Opportunistic networks provide communication support in areas with overloaded cellular networks, and in scenarios where a fixed infrastructure is not available, as in remote and developing regions. A critical issue, which still requires a satisfactory solution, is the design of an efficient data delivery solution that considers delivery efficiency, delay, and cost. To tackle this problem, most researchers have used either the network state or node mobility as a forwarding criterion. Solutions based on social behaviour have recently being considered as a promising alternative.
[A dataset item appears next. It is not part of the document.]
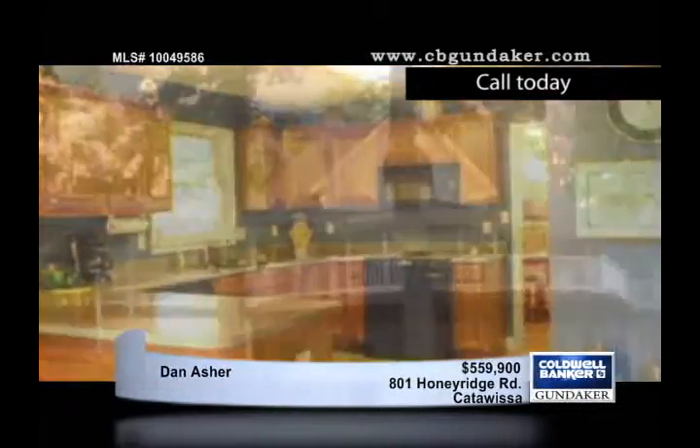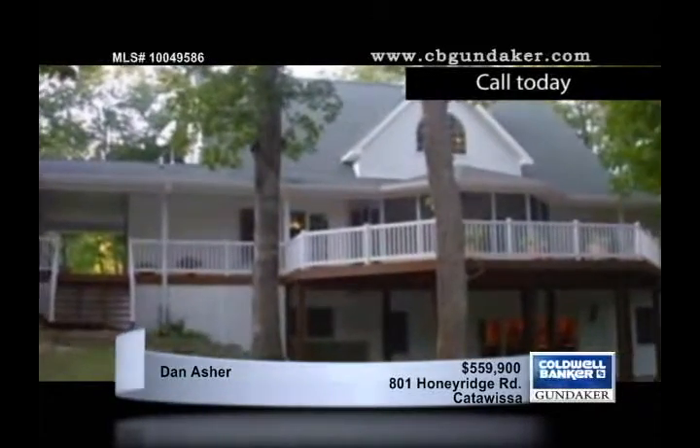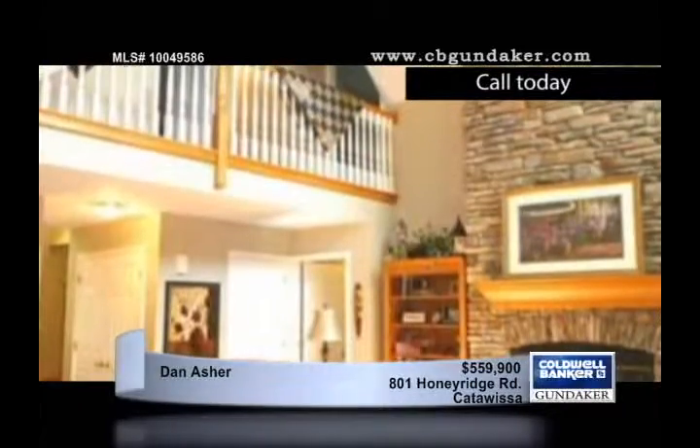The master is secluded on the first floor, and above the three-car garage is a 40 by 12 finished loft that could serve a variety of purposes. The 30 by 50 barn is a great feature.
Following the philosophy from this new category of protocols, in this work, we present the "FriendShip and Acquaintanceship Forwarding"(FSF), a routing algorithm that makes its routing decisions considering the social ties between the nodes and both the selfishness and the device resources levels of the candidate to message relay. When a contact opportunity arises, FSF first classifies the social ties between the message destination and the candidate to relay. Then, by using logistic functions, FSF assesses the relay node selfishness to consider those cases in which the relay node is socially selfish. To consider those cases in which the relay node does not accept to receive the message because its device has resource constraints at that moment, FSF looks at the resource levels of the relay node. Regarding the buffer management problems, in this work we introduced the algorithm Friendly-Drop (FDA) which takes its decisions based on the nodes social relationships. When the nodes buffer is with constraints, FDA drops the messages addressed to nodes with weak social relationship. On the other hand, if a pair of nodes are in contact, FDA sends the messages addressed to nodes having strong social relationships. By using the ONE simulator to carry out trace-driven simulation experiments, we have found that even considering the selfishness on routing issues, our FSF algorithm outperforms previously proposed schemes, by increasing the delivery ratio up to 20% with the advantage it needs a lower number of forwarding events. We have also found that the buffer management algorithm can become an important key to improve network performance in scenarios with selfish nodes.